[What is expected]:
Once the line containing "C-tüüpi ja HDMI-ühilduv" is reached in the listing below, reproduce it and all later lines through the final one exactly, but omit any pictures.
[Dataset excerpt Boundary: Start]
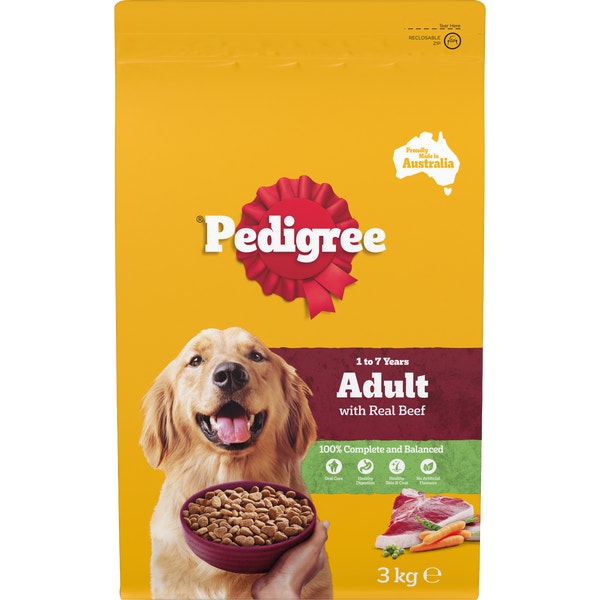 image 9310022161308_1_PEDIGREE_Adult_Dry_Dog_Food_with_Real_Beef_3kg
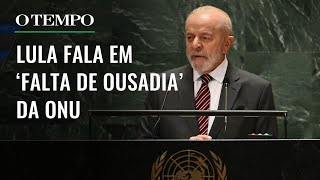 Em discurso na ONU Lula cobra ambição e ousadia e tem microfone cortado por exceder o tempo [upl. by Carlie]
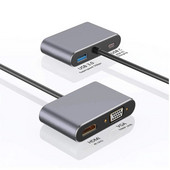 C-tüüpi ja HDMI-ühilduv 4K VGA USB C 3.0 jaoturi adapter Mac Book iPadi Nintend Sam S9 Dex Hua wei P20 xioa jaoks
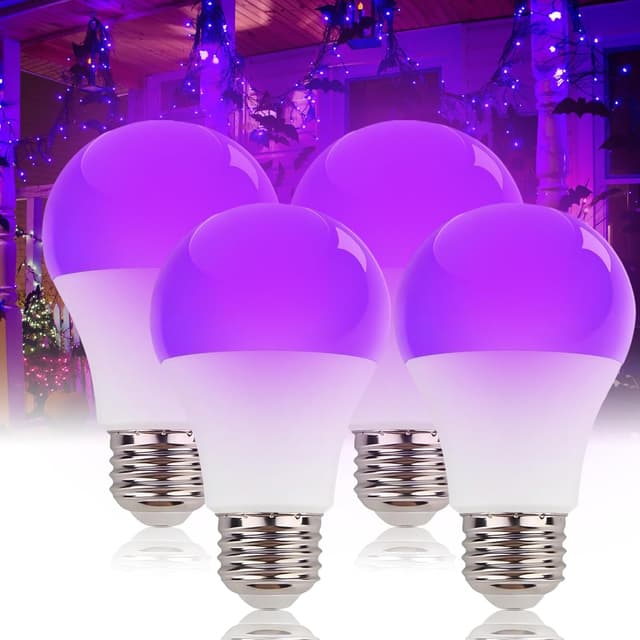 Detalle de LIAISIMI UV Schwarzlichtlampe E27 10 W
[Dataset excerpt Boundary: End]
[Written answer]:
 C-tüüpi ja HDMI-ühilduv 4K VGA USB C 3.0 jaoturi adapter Mac Book iPadi Nintend Sam S9 Dex Hua wei P20 xioa jaoks
 Detalle de LIAISIMI UV Schwarzlichtlampe E27 10 W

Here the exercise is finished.